«Вали к черту», — выдавил он сквозь плотно сжатые губы. Как он смеет мешать ему сейчас, когда он наконец сделал попытку вырваться из того проклятого замкнутого круга, в котором оба оказались?!
В эту секунду он почти ненавидел его. Но гораздо сильнее ненавидел свое вновь вспыхнувшее, почти неодолимое желание рвануть его к себе. Сейчас же. Сию же минуту. Пока не исчез. Пока он здесь, он рядом. Господи, как же ему не хватало этого! Да как он вообще смог столько месяцев без него обходиться! И нужно только протянуть руку…
Антон, конечно же, видел его насквозь.
Он злобно рассмеялся и нарочито медленно провел указательным пальцем по краю стола. Того самого стола. Против воли Мартен проследил за ним, словно завороженный, не в силах оторвать взгляд, а главное, не в силах отгородиться от картин, что моментально закружились перед ним в пляске святого Витта.
«Это не я твой, Марти», — с фальшивой мягкостью, почти ласково пропел Антон, по-хозяйски обнимая невесть откуда взявшуюся Марго. Помолчал и, вновь улыбнувшись жуткой змеиной улыбкой, вдруг произнес голосом Тома: «Это ты мой.»
Успокаивать после резкого пробуждения сердце, явно стремящееся превзойти рекорд Болта, пришлось долго.
«Ненавижу, сволочь!», — яростно прошипел он сквозь судорожно стиснутые зубы и, схватив с тумбочки телефон, дрожащими пальцами начал листать номера в поисках телефона Жанны.
В летних прозрачных сумерках они стояли у калитки ее дома, и он совершенно четко понимал, что пришла пора сделать первый шаг. В конце концов, они же не малые дети, и надо как-то обозначить суть их отношений.
Целый день они сегодня провели вместе. Мартен в кои-то веки забил на распорядок дня, на тренировки, на режим питания и позволил себе с головой окунуться в пучину того, что нормальные люди называют словом «Отдых».
На улице только-только разливалось летнее тепло, а он уже стоял у ее дома. И когда она, выйдя к нему, подняла на него свои струящиеся теплом глаза и вновь улыбнулась своей неповторимой улыбкой, он подумал, что это, возможно, будет лучший день нынешнего лета.

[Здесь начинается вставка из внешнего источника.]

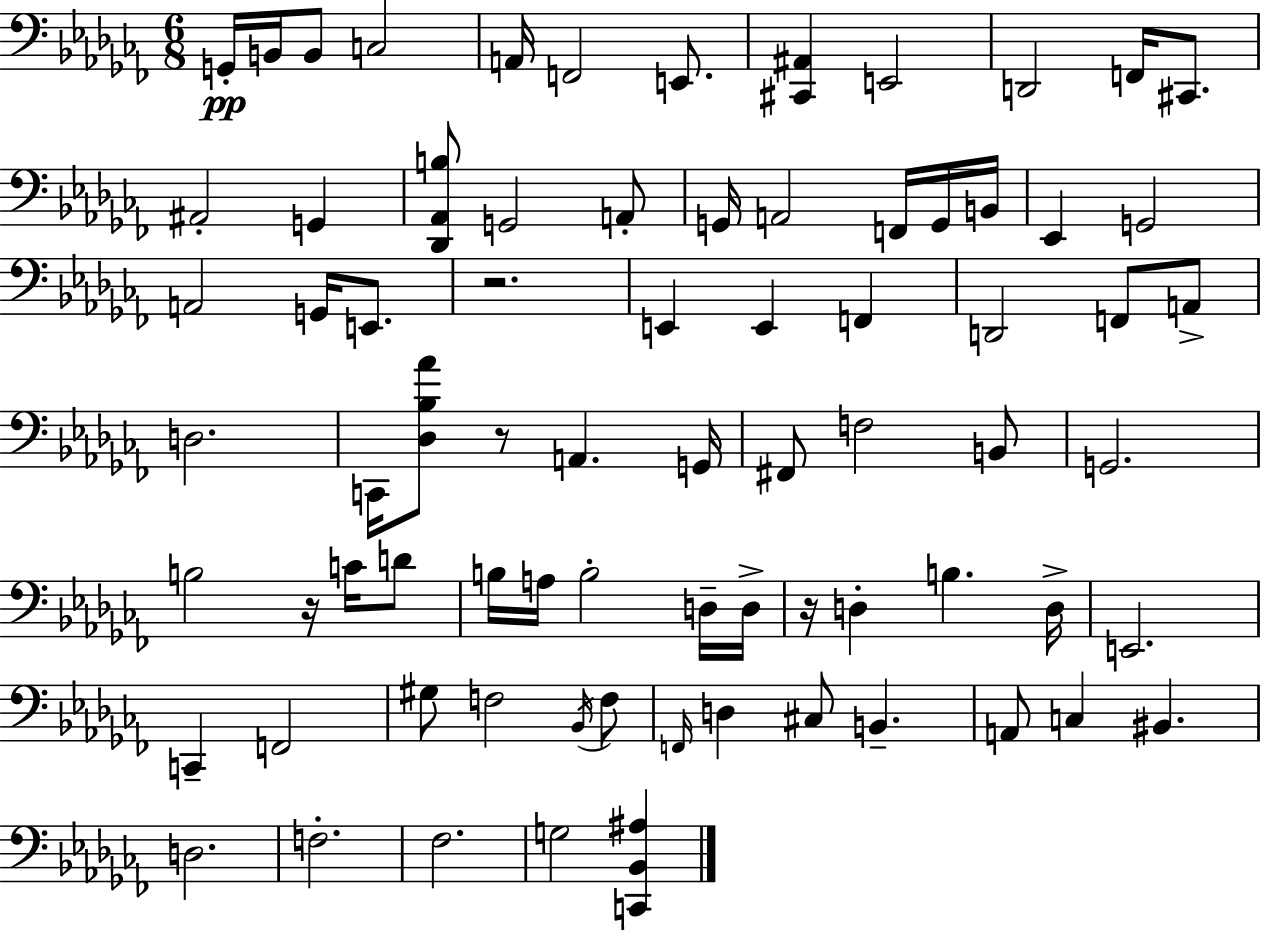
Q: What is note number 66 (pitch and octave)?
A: F3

С самого утра они уехали в Гренобль. Они шатались по набережной Изера, сидели в маленьких ресторанчиках, ели подтаявшее, и оттого еще более вкусное, мороженое и перебивали друг друга рассказами о истории Гренобля и биатлоне одновременно. Они забрались в поросшие растительностью пологие предгорья Альп, и Мартену пришлось ловить Жанну, когда она соскользнула с камня и, ойкнув, полетела вниз. Они поднимались на фуникулере на гору, взявшись за руки, смотрели на город сверху, и то и дело украдкой улыбались друг другу…
Это был, наверно, самый безмятежный день за последние лет десять его суматошной жизни. Если бы Мартена попросили охарактеризовать его одним словом, он бы, не задумываясь, сказал «Теплый». Вот именно мысли о тепле ему приходили в голову первым делом при взгляде на Жанну.

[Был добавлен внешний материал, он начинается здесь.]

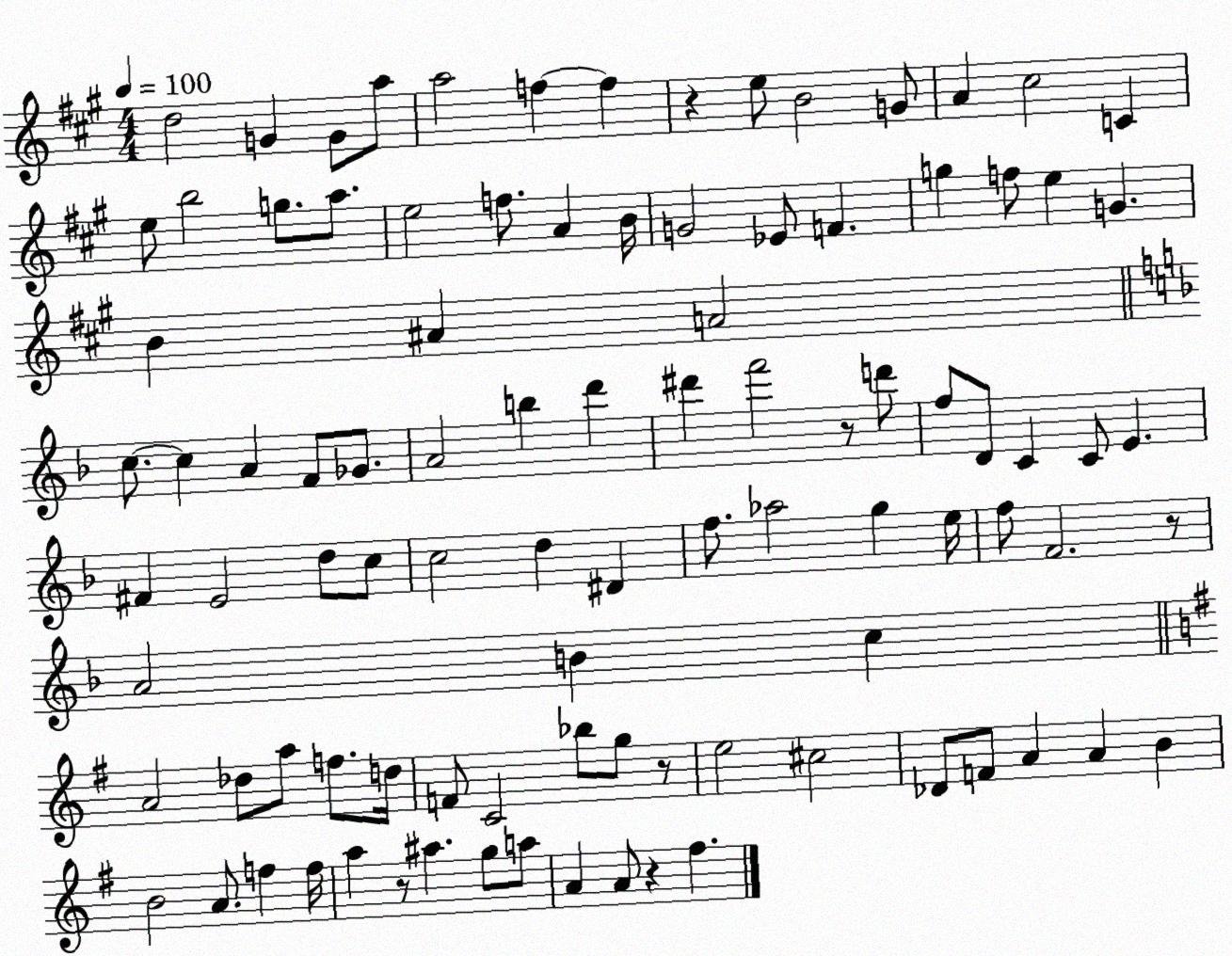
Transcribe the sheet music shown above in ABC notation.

X:1
T:Untitled
M:4/4
L:1/4
K:A
d2 G G/2 a/2 a2 f f z e/2 B2 G/2 A ^c2 C e/2 b2 g/2 a/2 e2 f/2 A B/4 G2 _E/2 F g f/2 e G B ^A A2 c/2 c A F/2 _G/2 A2 b d' ^d' f'2 z/2 d'/2 f/2 D/2 C C/2 E ^F E2 d/2 c/2 c2 d ^D f/2 _a2 g e/4 f/2 F2 z/2 A2 B c A2 _d/2 a/2 f/2 d/4 F/2 C2 _b/2 g/2 z/2 e2 ^c2 _D/2 F/2 A A B B2 A/2 f f/4 a z/2 ^a g/2 a/2 A A/2 z ^f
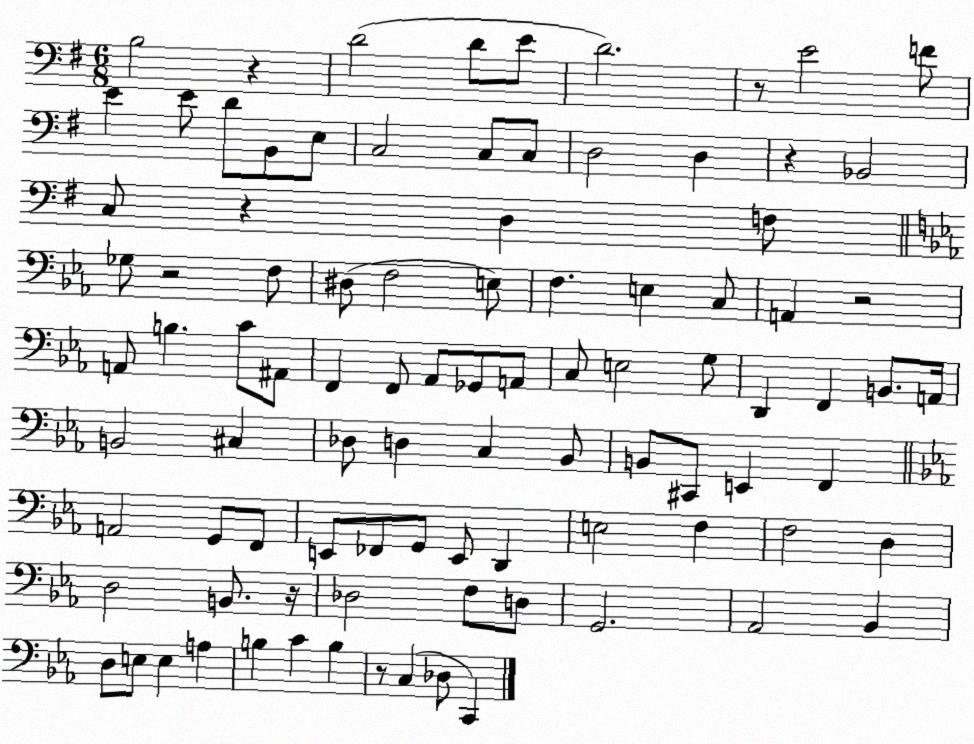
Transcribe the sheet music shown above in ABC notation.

X:1
T:Untitled
M:6/8
L:1/4
K:G
B,2 z D2 D/2 E/2 D2 z/2 E2 F/2 E E/2 D/2 B,,/2 E,/2 C,2 C,/2 C,/2 D,2 D, z _B,,2 C,/2 z D, F,/2 _G,/2 z2 F,/2 ^D,/2 F,2 E,/2 F, E, C,/2 A,, z2 A,,/2 B, C/2 ^A,,/2 F,, F,,/2 _A,,/2 _G,,/2 A,,/2 C,/2 E,2 G,/2 D,, F,, B,,/2 A,,/4 B,,2 ^C, _D,/2 D, C, _B,,/2 B,,/2 ^C,,/2 E,, F,, A,,2 G,,/2 F,,/2 E,,/2 _F,,/2 G,,/2 E,,/2 D,, E,2 F, F,2 D, D,2 B,,/2 z/4 _D,2 F,/2 D,/2 G,,2 _A,,2 _B,, D,/2 E,/2 E, A, B, C B, z/2 C, _D,/2 C,,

И сейчас, угрюмо молча у ее ворот, он понимал, что только от него зависело, будет ли это тепло согревать его и дальше.
После неловкой паузы Жанна сказала:
— Ну пока, Мартен, завтра увидимся?
— Конечно, — торопливо кивнул он, не давая себе времени задуматься.
— Тогда я пошла, — скорее вопросительно, нежели утвердительно произнесла она, при этом не торопясь вынимать свою руку из его.

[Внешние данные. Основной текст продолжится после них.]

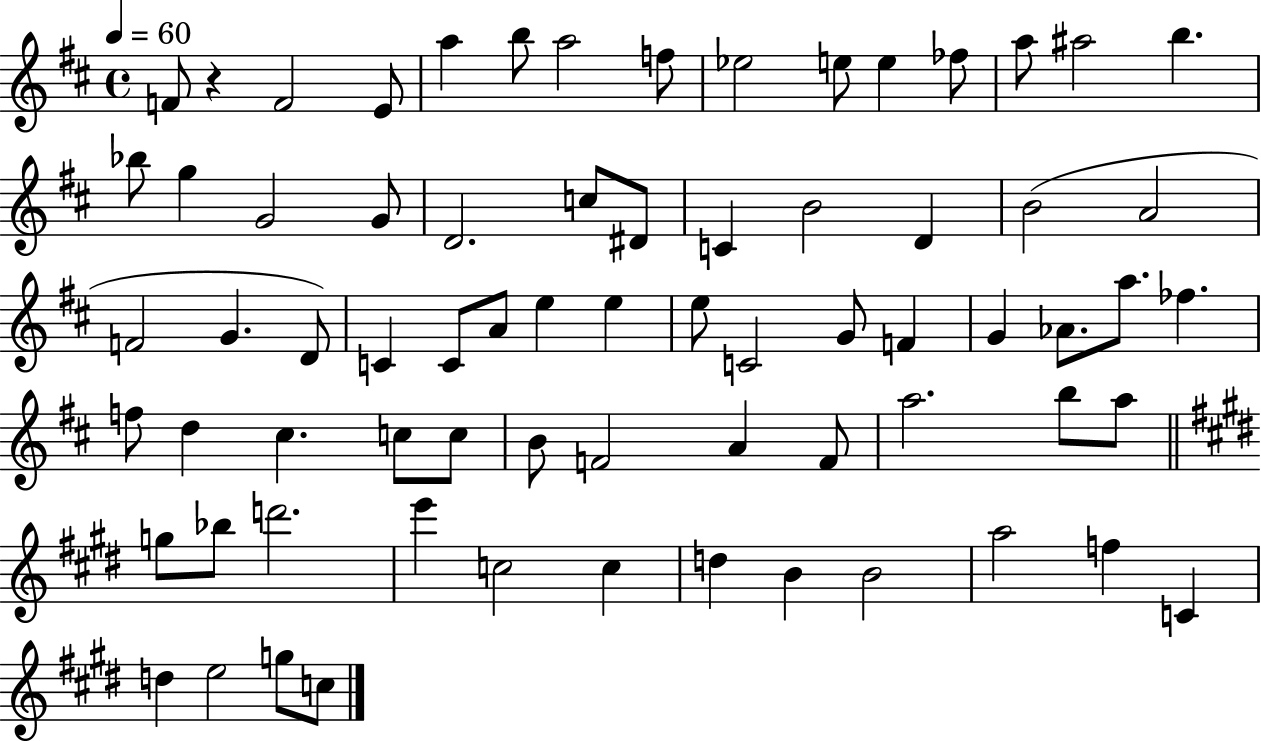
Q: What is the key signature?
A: D major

И яснее ясного было, чего она ждет…
Он коротко сглотнул, придвинулся ближе и осторожно наклонился к ее губам.
У нее были очень мягкие, теплые губы с привкусом ванили, они, помедлив пару мгновений, раскрылись в ответ. И это было приятно. Да, приятно. Это было тепло и волнующе. Это было вкусно и правильно…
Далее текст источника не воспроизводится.